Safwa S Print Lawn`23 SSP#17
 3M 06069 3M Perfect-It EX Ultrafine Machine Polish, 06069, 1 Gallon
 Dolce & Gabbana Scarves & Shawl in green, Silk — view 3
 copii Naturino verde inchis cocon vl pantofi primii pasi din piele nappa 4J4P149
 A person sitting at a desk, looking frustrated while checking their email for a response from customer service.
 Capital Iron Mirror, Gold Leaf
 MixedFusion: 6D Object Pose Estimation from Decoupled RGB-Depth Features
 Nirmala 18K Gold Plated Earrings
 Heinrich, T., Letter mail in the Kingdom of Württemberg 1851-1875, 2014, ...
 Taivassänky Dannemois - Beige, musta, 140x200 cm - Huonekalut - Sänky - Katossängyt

* * * * *

_Activity_:
Write out the entire listing above once more. Keep it exact.

_Response_:
Safwa S Print Lawn`23 SSP#17
 3M 06069 3M Perfect-It EX Ultrafine Machine Polish, 06069, 1 Gallon
 Dolce & Gabbana Scarves & Shawl in green, Silk — view 3
 copii Naturino verde inchis cocon vl pantofi primii pasi din piele nappa 4J4P149
 A person sitting at a desk, looking frustrated while checking their email for a response from customer service.
 Capital Iron Mirror, Gold Leaf
 MixedFusion: 6D Object Pose Estimation from Decoupled RGB-Depth Features
 Nirmala 18K Gold Plated Earrings
 Heinrich, T., Letter mail in the Kingdom of Württemberg 1851-1875, 2014, ...
 Taivassänky Dannemois - Beige, musta, 140x200 cm - Huonekalut - Sänky - Katossängyt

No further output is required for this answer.